Closed mattrdowney closed 6 years ago

mattrdowney commented 6 years ago

The only situation where the camera would leave the origin.

Eye distance would still be zero.

For certain games, e.g. top down games, this would provide a sort of world map in the "180 degrees" behind you.

Needn't be implemented for Invertigo, as it requires extra shader work or a significant polygon budget increase (tesselation or a subdivided icosahedron sphere).
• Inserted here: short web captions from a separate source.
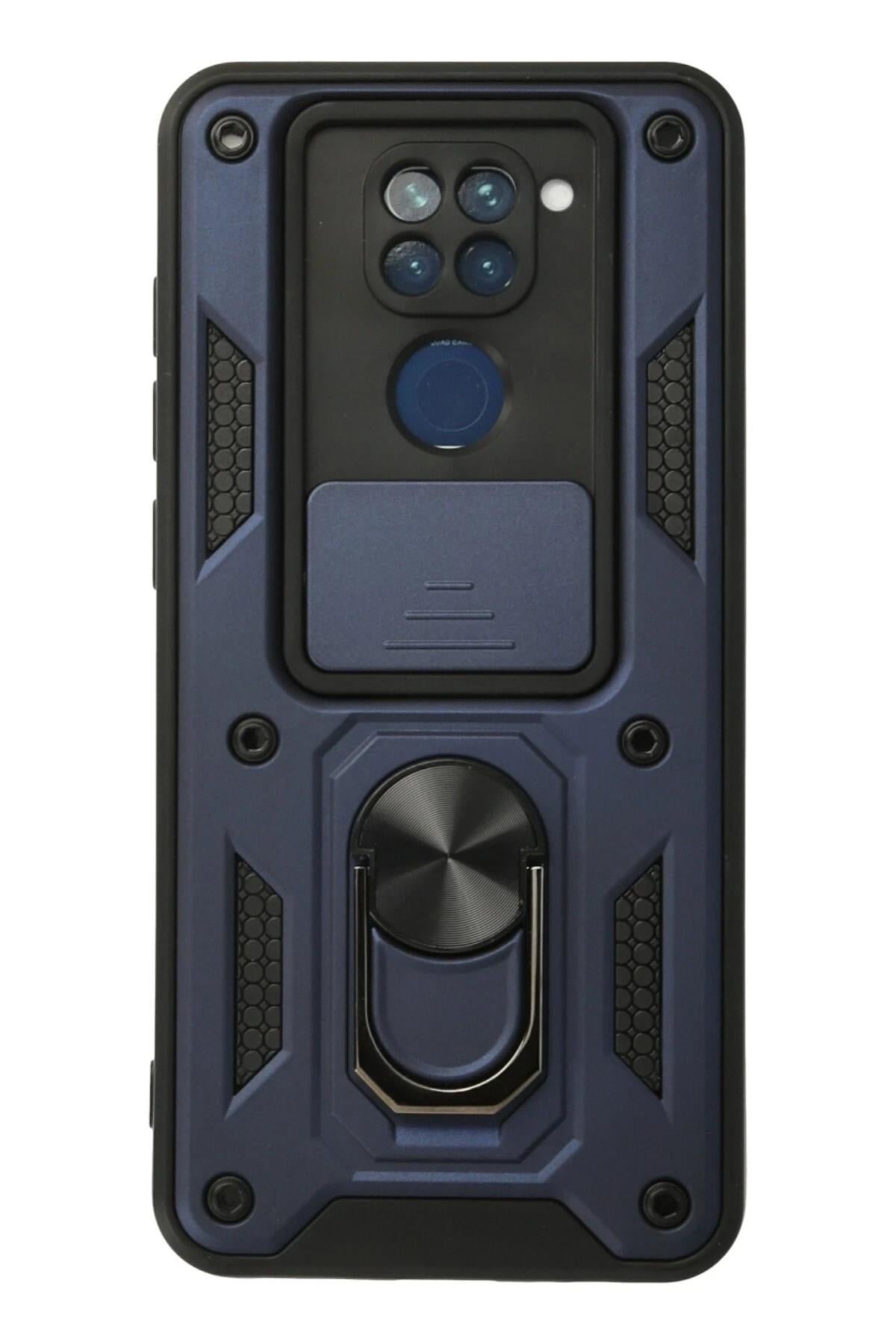 Mey İthalat®   Redmi Note 9 Kılıf Pars Lens Yüzüklü Silikon - Lacivert
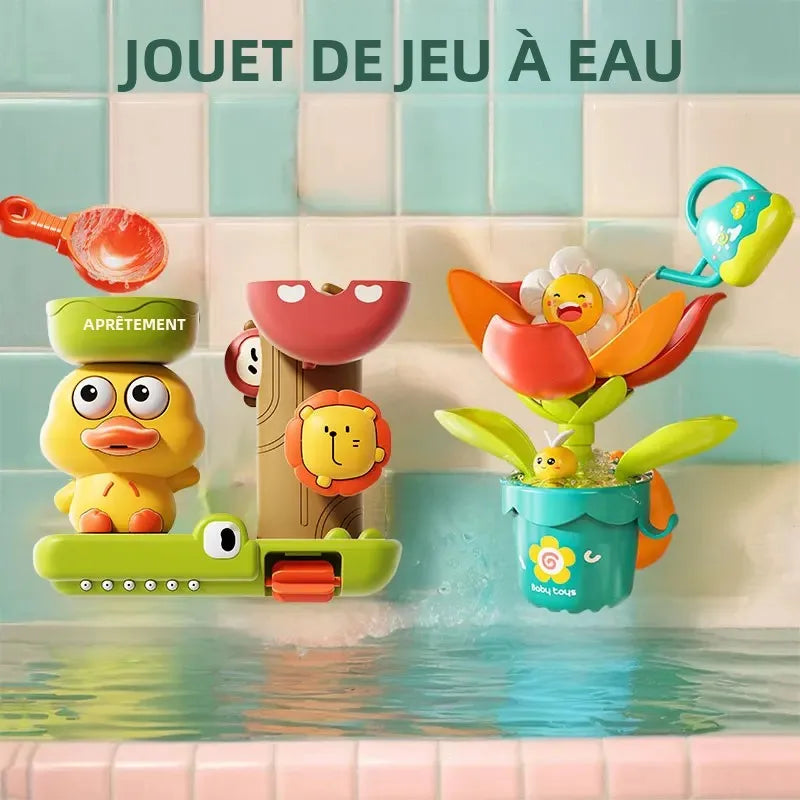 Duck & Flower Waterwheel Bath Toy with Suction Cup for Kids 0-12 Years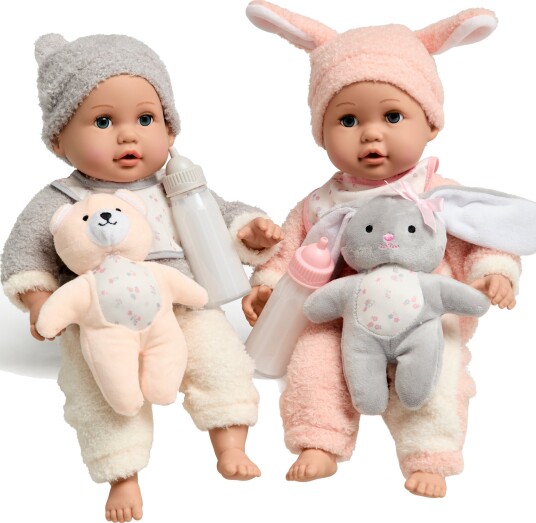 Cloudberry Castle Gavesett Dukke Twins Deluxe 35 Cm, Rosa/Grå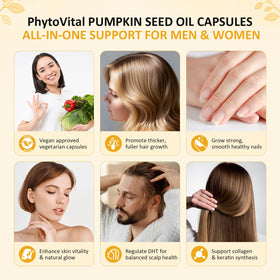 Gélules d'huile de graines de citrouille PhytoVital sur fond blanc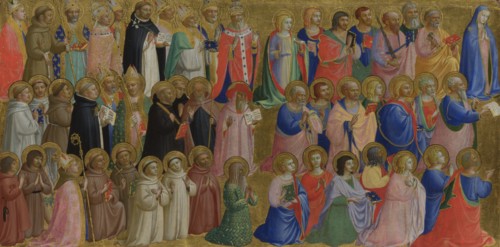 The Virgin Mary with the Apostles and Other Saints (Panel from Fiesole San Domenico Altarpiece), c. 1423-1424. Artist: Angelico, Fra Giovanni, da Fiesole (ca. 1400-1455)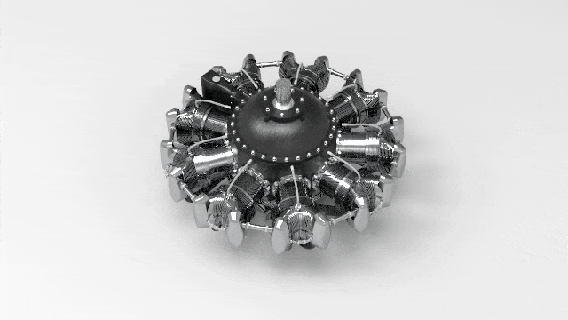 radial engine 9 cylinder airplane Game airplane engine aircraft airplane engine aircraft engine boeing airbus jet plane helicopter  3d print model - Mito3D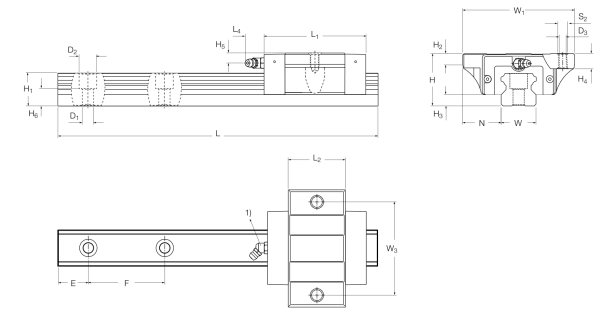 Schéma fabricant du chariot Ewellix LLTHC-SA — rail non fourni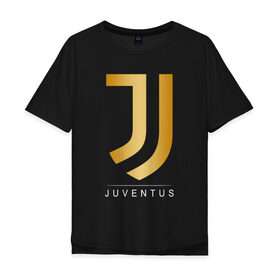 Мужская футболка хлопок Oversize с принтом JUVENTUS GOLDEN LOGO в Екатеринбурге, 100% хлопок | свободный крой, круглый ворот, “спинка” длиннее передней части | cr7 | juve | juventus | ronaldo | роналдо | ювентус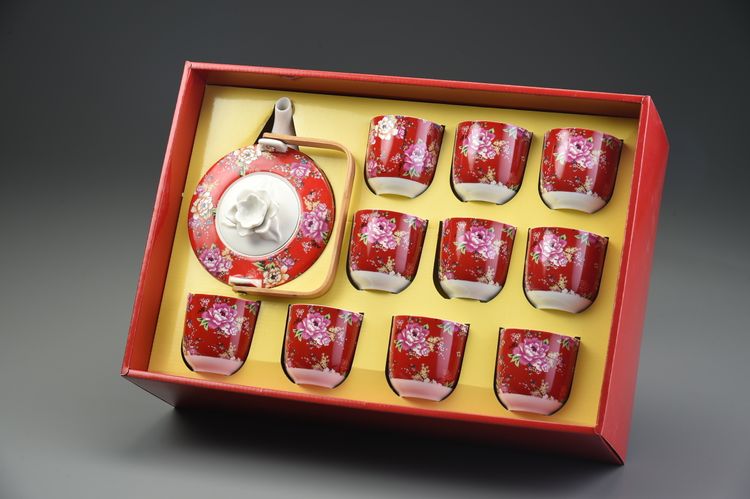 花團錦簇1玫瑰提梁壺10湯杯(盒裝)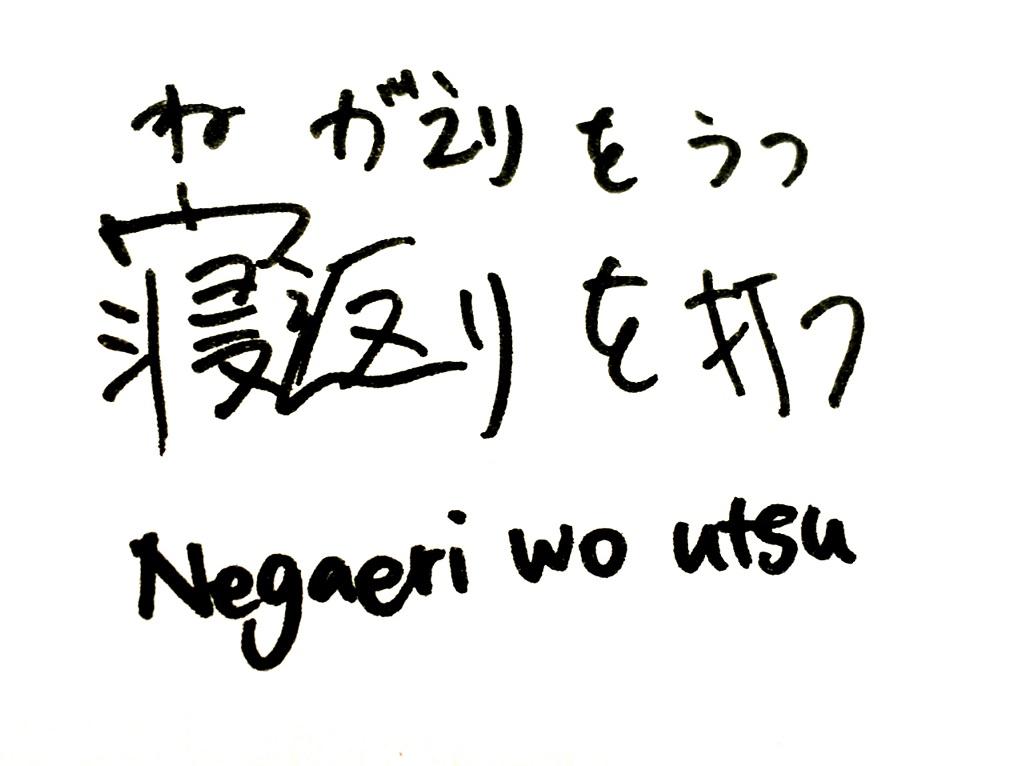 Word of the day: Negaeri wo utsu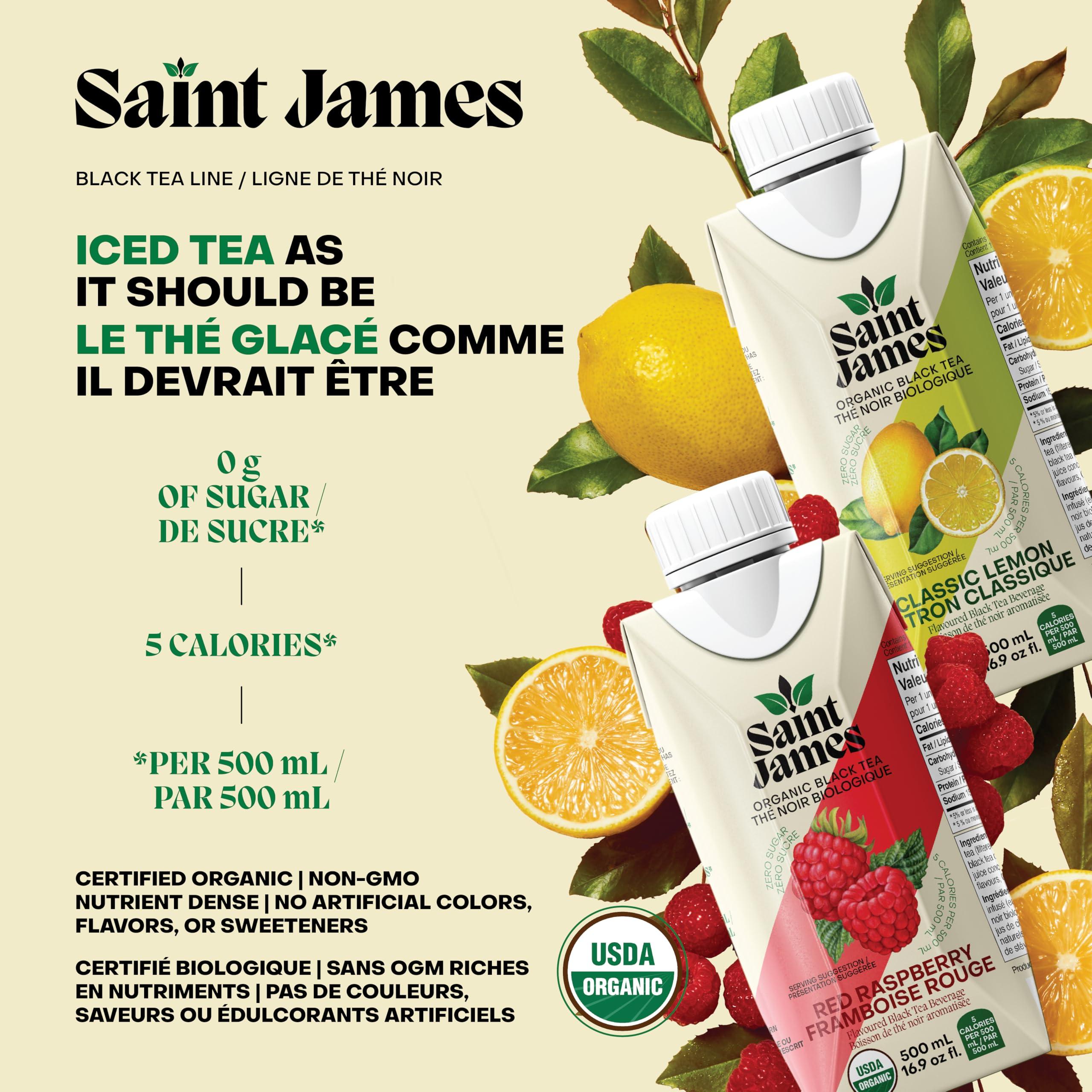 Saint James Brands Saint James Organic Black Tea, Classic Lemon, Zero Sugar, Kosher, USDA Certified Organic, 16.9 Fluid Ounce (Pack of 12)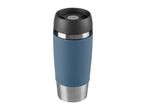 Blue stainless steel travel mug with a black lid.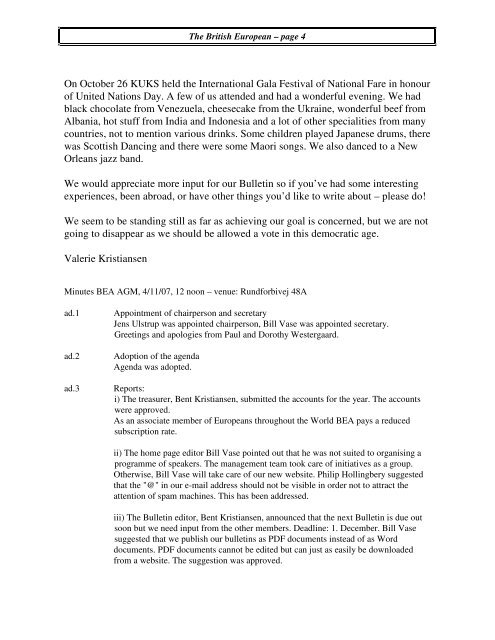 Bulletin - The British European Association (Denmark)
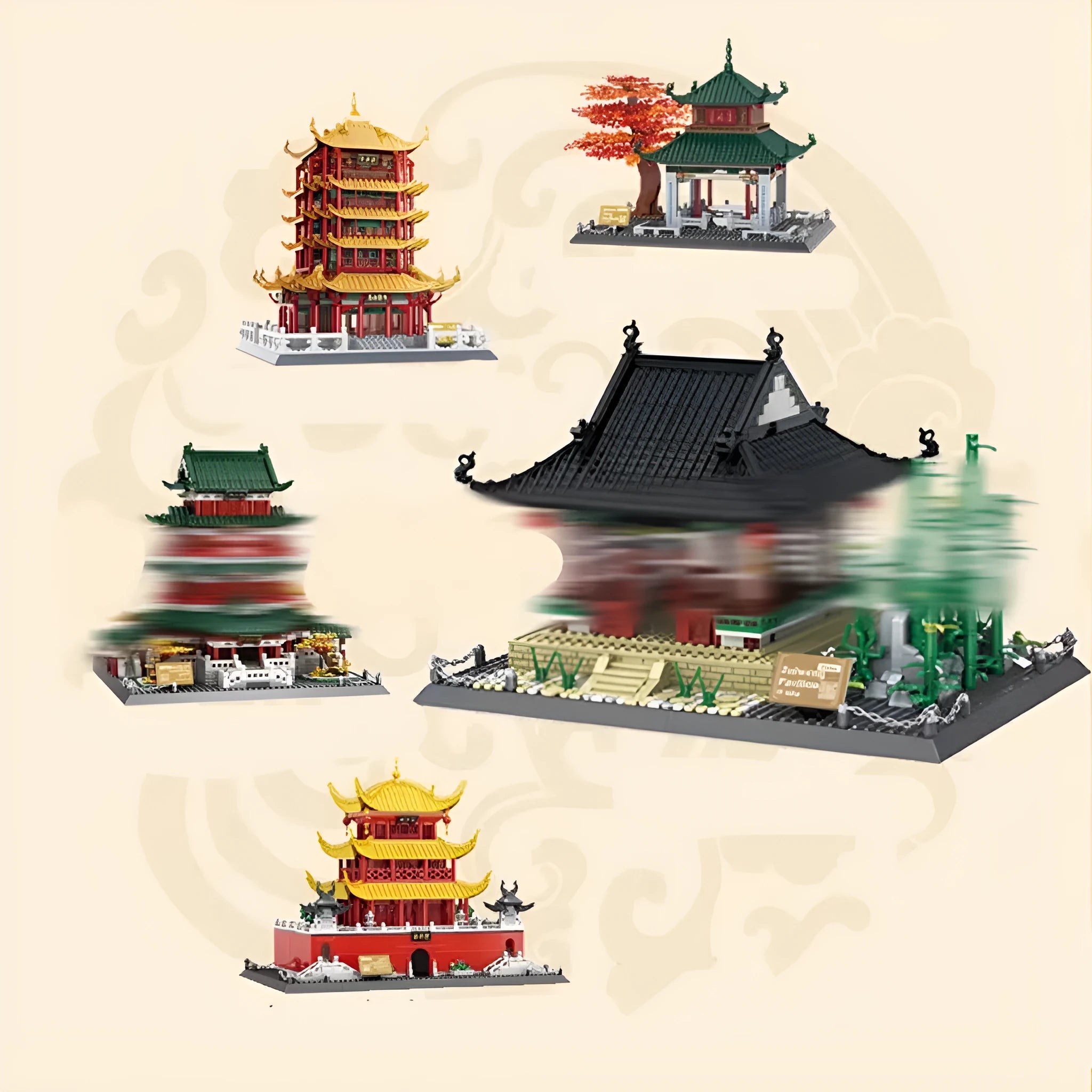 Wange building blocks set with over 800 pieces for constructing landmark models like Eiffel Tower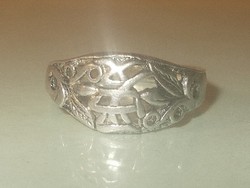 Keleti írásjelű régi Tibeti Ezüst Gyűrű 8-as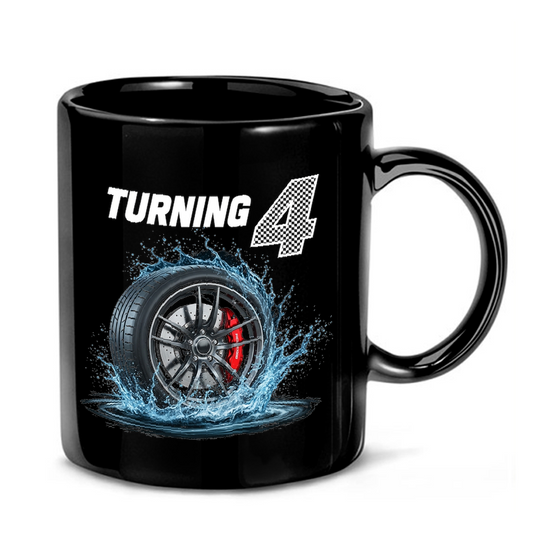 Race Car 4th Birthday Mug
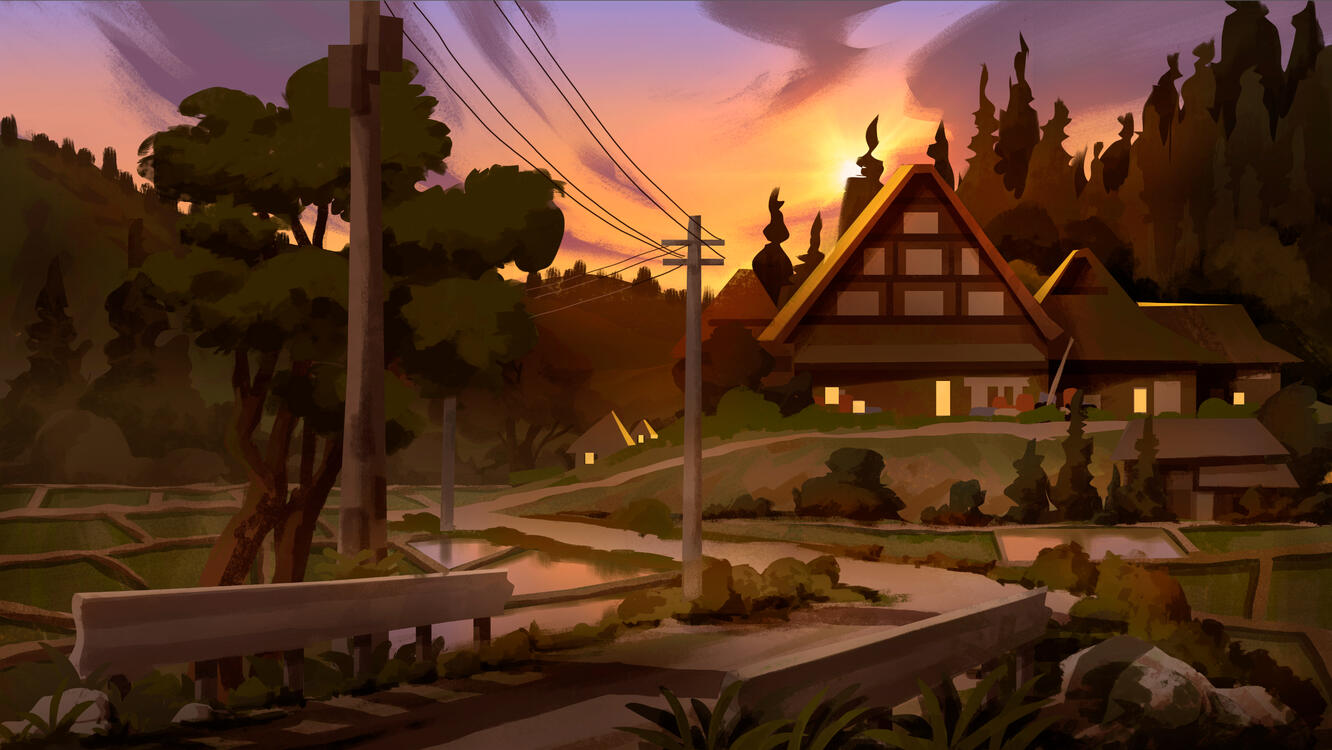 Rural background - Dawn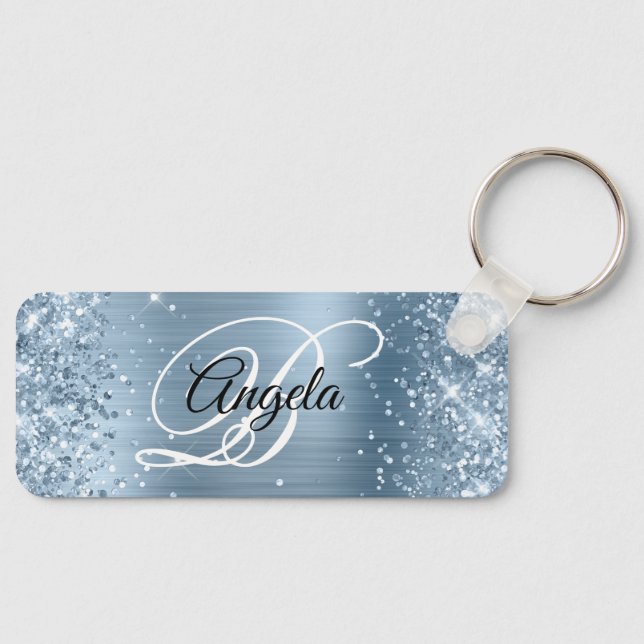 Glittery Light Blue Foil Fancy Monogram Keychain (Front)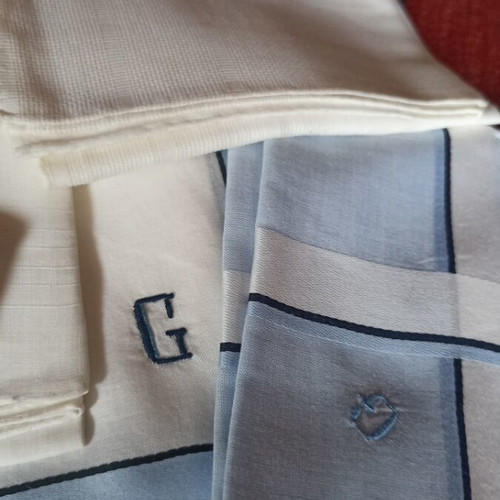 Silk men's hand-embroidered monogrammed handkerchiefs like new, pack of 14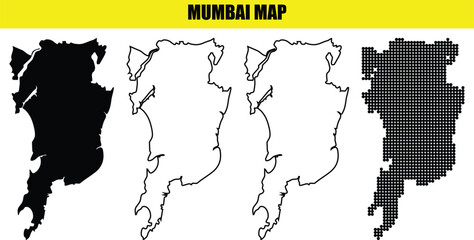 Mumbai map vector drawing, solid color, outline, and dot map, mumbai map in flat style, mumbai map collection for india © Ehan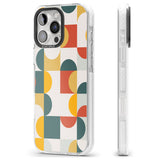 iPhone 16 Pro Max Abstract Retro Shapes: Muted Colour Mix Black Impact Phone Case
mattrdowney commented 6 years ago

Background: I had considered zoom before Invertigo was a VR game for the intro scene in the prison cell. At some point I scrapped zoom as a mechanic (idk if it was due to technical limitations or the perception that it was infeasible/against the spirit/disorienting (TBD)). I do know my "manifest of my life" post only really talks about 180/360 degree VR games and the notion of switching planetariums. I'm pretty sure I dropped 2D zoom because I was gonna use field of view zoom, which wouldn't break the cheap geometry versions (e.g. Invertigo) but I knew it would be disorienting because head motion would be untrackable during zoom. Based on that, I think the concept of "true zoom" spurred on recently, especially in a top down open world context, which has been desired for a while (likely post-FinTech, maybe past month).

mattrdowney commented 6 years ago

Reverse zoom should be possible (negative zoom).

For simplicity zoom could be (-1, +1), although scaling might make more sense.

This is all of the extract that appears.